But the bottom line is, scamming is something of an art form: it’s creative, and the more creative the scammer, the faster he or she will find a way to bilk people out of their money (or identity, or whatever). The bottom line is that the change cannot really be achieved by placing restrictions on what people can do online, whether people can talk on the phone in front of an ATM, withholding banking services from foreigners (no matter how long or uneventful their stay in Korea has been), or any of those standard (in Korea) approaches.

The way to defeat the scammers is to teach people how to think in a new way, and to move beyond the idea that all solutions can be automated: not quite paranoid, but at least scam-aware. I know, I know: bank machines, cell phones, money transfers, and the like are all stunningly new, stunningly futuristic things to a certain generation of Koreans. I won’t go so far as to say, “If grandma’s so dumb as to give a stranger all her money…” because who knows what kinds of bewildering technologies I’ll be faced with in thirty or forty years!
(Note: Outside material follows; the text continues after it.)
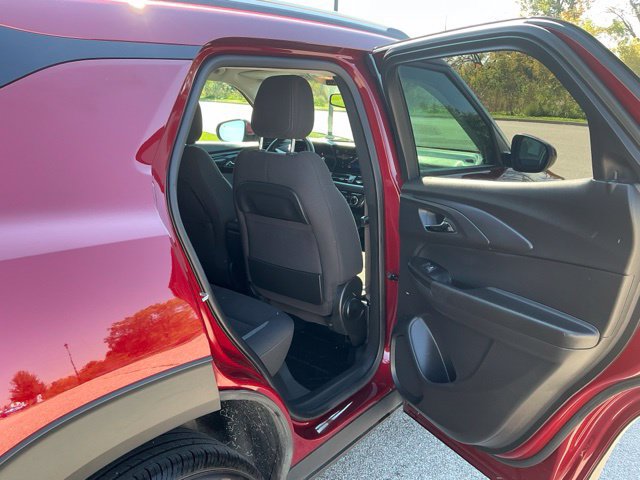 Used 2024 Chevrolet TrailBlazer LT w/ Convenience Package FWD image 18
However, if someone sat down with grandma and explained, in simple terms, what voice phishing is, and why she should be careful, maybe grandma would understand. And for the cases where grandma’s too old to grasp it, there could be other failsafes. I’m thinking online business certifications, face-to-face meetings with a bank official for all funds transfers over a certain amount between two individuals not previous financially connected, wherein the recipient needs to demonstrate the legitimacy of the transaction, when one of the individuals is over a certain age or even just when he or she has opted for free “scam protection” service? Hell, this would even make it possible to catch attempted scammers — assuming bank security could handle tackling a scammer — and would force those criminals into a new niche. (And I don’t suspect it’d add up to all that many meetings, in the long run.)

1. On the other hand, I personally would be truly appreciative if the authorities would install those on buses and subways, so that people could travel in relative comfort without their immediate neighbours shouting into their phones. It’s very easy to take the punish’-em-all tack when you know it’ll never affect you: I rarely take or receive calls on the subway, and likewise, I’m glad to hear (from James) that DMB service in the subways is on its last legs because it’s a money-losing venture: sure, only one out of ten people is so rude as to watch TV without headphones, but one out of ten is still a lot. Since I don’t use DMB — streaming TV to portable devices — I will not be sad to see it go. Wifi, on the other hand, is something I wish we had on the trains. Ah well.)